**PROVIDED ENTRIES**

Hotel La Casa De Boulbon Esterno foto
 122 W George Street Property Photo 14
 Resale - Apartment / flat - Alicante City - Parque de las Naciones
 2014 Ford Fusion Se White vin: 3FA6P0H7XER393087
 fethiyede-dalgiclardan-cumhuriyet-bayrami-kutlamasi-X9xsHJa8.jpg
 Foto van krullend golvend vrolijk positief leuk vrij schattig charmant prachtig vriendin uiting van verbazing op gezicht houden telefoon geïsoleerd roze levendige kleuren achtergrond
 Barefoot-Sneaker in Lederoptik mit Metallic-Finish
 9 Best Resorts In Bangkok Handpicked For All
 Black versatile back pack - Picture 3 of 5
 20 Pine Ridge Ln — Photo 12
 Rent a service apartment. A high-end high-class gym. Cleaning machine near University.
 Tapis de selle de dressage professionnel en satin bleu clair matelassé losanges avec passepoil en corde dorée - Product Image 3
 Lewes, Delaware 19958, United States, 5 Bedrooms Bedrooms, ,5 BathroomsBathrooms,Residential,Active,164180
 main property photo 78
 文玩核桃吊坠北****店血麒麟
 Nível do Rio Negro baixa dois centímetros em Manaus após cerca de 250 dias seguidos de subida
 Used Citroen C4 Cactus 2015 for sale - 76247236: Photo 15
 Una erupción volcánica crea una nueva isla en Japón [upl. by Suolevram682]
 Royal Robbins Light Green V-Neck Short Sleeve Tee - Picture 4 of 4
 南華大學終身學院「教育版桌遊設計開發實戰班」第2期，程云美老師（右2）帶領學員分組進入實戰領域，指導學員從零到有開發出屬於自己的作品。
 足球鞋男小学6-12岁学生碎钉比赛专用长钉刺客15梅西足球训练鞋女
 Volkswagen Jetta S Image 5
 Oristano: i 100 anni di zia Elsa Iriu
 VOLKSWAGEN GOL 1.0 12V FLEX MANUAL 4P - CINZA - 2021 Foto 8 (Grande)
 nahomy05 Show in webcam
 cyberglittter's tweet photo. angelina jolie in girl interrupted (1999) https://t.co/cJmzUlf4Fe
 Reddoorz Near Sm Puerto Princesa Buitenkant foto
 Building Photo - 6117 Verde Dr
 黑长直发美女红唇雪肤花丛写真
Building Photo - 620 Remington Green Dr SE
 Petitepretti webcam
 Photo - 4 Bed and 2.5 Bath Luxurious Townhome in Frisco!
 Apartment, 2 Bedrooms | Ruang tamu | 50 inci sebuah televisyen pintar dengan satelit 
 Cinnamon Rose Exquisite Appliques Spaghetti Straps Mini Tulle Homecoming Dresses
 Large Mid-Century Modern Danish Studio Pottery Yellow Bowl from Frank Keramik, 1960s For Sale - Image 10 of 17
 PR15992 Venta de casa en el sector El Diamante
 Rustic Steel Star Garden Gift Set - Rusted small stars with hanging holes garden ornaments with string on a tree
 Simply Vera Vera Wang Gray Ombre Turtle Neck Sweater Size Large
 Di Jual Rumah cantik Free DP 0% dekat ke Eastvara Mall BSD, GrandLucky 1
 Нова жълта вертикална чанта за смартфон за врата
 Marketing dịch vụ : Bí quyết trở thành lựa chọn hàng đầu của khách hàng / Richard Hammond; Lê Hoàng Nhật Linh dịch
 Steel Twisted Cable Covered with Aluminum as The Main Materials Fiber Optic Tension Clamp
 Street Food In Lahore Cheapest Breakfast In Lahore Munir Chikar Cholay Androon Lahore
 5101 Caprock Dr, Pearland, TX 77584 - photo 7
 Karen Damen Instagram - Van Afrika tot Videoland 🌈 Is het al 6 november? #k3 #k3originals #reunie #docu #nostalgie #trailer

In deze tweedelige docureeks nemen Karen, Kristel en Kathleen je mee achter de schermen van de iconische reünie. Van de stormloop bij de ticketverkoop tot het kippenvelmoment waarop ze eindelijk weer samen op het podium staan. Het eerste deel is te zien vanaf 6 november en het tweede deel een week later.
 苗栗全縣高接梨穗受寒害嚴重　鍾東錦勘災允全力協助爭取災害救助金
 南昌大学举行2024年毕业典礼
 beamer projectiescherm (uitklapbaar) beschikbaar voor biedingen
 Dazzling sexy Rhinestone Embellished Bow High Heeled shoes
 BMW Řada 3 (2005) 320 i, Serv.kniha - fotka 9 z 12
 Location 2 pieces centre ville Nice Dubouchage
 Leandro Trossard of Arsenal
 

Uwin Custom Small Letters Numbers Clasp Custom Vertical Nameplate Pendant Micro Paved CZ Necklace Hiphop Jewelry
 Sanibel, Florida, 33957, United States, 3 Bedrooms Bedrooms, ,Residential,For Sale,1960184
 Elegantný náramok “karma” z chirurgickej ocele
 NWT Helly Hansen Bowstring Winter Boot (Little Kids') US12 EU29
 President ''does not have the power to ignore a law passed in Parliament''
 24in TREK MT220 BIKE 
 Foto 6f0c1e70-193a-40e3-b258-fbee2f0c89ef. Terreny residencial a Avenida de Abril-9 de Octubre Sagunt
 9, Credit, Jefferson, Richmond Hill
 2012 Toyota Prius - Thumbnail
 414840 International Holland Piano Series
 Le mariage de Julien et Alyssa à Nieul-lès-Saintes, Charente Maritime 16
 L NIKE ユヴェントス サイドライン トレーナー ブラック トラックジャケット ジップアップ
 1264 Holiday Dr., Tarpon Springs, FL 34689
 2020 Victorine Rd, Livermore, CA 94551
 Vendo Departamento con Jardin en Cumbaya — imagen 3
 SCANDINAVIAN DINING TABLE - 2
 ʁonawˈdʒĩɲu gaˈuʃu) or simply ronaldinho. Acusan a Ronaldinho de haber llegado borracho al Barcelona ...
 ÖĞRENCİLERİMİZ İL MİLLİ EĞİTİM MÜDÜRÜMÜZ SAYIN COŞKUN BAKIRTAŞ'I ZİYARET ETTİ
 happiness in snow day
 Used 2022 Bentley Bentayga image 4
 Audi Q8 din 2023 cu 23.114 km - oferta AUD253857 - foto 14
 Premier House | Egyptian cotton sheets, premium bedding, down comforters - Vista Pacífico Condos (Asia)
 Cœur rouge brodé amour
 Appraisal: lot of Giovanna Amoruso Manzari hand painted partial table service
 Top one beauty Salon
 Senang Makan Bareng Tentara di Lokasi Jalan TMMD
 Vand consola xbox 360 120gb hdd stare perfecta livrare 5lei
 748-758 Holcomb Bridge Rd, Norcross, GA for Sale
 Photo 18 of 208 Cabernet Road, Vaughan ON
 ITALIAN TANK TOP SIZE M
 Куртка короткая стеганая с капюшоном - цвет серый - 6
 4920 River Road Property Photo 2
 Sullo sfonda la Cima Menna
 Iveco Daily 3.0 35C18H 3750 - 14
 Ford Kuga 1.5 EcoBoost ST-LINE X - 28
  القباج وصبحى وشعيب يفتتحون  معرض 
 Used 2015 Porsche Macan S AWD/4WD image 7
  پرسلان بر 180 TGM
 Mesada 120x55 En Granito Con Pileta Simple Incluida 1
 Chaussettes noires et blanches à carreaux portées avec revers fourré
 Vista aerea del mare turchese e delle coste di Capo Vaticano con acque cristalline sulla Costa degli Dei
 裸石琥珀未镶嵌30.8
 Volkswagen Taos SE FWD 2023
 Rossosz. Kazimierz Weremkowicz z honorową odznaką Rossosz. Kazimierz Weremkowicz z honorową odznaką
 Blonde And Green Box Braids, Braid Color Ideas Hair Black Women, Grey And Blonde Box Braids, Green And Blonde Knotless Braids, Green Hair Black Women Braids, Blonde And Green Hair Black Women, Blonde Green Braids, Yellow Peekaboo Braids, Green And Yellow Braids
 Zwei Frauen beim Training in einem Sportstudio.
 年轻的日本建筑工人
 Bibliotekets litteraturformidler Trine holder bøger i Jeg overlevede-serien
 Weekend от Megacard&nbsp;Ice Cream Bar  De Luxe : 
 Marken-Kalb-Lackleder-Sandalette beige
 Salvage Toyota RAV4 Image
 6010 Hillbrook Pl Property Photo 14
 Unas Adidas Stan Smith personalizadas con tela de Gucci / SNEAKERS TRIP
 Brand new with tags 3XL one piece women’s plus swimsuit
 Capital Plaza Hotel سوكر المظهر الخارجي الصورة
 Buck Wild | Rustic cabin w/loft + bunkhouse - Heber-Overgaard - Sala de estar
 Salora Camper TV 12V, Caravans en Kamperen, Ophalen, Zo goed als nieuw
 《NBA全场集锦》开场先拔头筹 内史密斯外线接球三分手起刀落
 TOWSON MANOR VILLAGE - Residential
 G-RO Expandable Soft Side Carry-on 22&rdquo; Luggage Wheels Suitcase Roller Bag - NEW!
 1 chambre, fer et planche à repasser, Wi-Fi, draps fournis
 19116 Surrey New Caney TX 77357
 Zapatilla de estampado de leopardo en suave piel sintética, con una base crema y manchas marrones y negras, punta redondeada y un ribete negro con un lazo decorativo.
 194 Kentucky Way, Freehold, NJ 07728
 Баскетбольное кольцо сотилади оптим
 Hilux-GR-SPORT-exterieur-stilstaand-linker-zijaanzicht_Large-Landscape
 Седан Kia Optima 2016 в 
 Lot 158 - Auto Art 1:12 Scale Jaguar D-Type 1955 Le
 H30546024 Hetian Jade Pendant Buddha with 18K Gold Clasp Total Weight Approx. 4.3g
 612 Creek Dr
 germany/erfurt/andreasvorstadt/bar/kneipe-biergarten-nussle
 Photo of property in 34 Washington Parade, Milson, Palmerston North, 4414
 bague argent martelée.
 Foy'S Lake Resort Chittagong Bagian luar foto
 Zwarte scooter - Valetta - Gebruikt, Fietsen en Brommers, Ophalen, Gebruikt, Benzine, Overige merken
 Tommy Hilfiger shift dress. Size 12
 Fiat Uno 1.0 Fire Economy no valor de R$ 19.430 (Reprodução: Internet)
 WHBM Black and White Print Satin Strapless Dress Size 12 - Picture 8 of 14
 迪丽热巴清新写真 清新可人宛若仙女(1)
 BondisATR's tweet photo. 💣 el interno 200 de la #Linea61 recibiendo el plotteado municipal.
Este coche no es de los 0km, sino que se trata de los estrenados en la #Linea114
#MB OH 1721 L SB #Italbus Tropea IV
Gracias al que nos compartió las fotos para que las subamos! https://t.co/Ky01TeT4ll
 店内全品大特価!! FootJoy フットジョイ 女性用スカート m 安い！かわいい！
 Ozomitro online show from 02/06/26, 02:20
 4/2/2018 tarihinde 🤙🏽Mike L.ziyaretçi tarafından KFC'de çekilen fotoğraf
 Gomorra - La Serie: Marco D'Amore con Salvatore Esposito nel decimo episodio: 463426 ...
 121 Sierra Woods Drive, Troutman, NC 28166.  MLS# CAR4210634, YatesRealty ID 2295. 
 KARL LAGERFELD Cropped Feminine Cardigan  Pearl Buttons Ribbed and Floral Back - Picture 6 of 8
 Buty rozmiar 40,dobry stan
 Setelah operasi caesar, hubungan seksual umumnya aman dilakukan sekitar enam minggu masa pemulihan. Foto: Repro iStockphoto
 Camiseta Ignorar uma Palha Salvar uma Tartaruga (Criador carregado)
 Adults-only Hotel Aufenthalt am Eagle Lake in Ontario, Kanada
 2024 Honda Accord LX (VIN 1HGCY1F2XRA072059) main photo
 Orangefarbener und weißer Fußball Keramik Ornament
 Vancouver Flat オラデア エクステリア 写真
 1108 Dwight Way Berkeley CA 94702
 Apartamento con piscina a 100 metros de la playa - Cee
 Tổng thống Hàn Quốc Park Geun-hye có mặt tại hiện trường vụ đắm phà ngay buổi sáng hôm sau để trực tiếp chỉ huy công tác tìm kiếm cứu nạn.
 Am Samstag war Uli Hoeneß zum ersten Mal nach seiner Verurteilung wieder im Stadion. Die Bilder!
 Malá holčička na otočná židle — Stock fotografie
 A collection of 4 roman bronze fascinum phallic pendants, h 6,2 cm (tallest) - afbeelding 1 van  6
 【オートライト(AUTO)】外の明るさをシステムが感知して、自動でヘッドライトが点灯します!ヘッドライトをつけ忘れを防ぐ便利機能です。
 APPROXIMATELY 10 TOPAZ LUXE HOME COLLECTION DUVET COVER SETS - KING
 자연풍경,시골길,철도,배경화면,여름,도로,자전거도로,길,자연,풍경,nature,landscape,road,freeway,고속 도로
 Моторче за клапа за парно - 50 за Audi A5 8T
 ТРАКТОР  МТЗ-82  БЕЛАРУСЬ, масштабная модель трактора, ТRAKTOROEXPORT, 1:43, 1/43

**TASK PROMPT**
Look for the word "Audi" in every line of the listing and copy the lines that have it.

**RESULT OF THIS EXERCISE**
 Audi Q8 din 2023 cu 23.114 km - oferta AUD253857 - foto 14
 Моторче за клапа за парно - 50 за Audi A5 8T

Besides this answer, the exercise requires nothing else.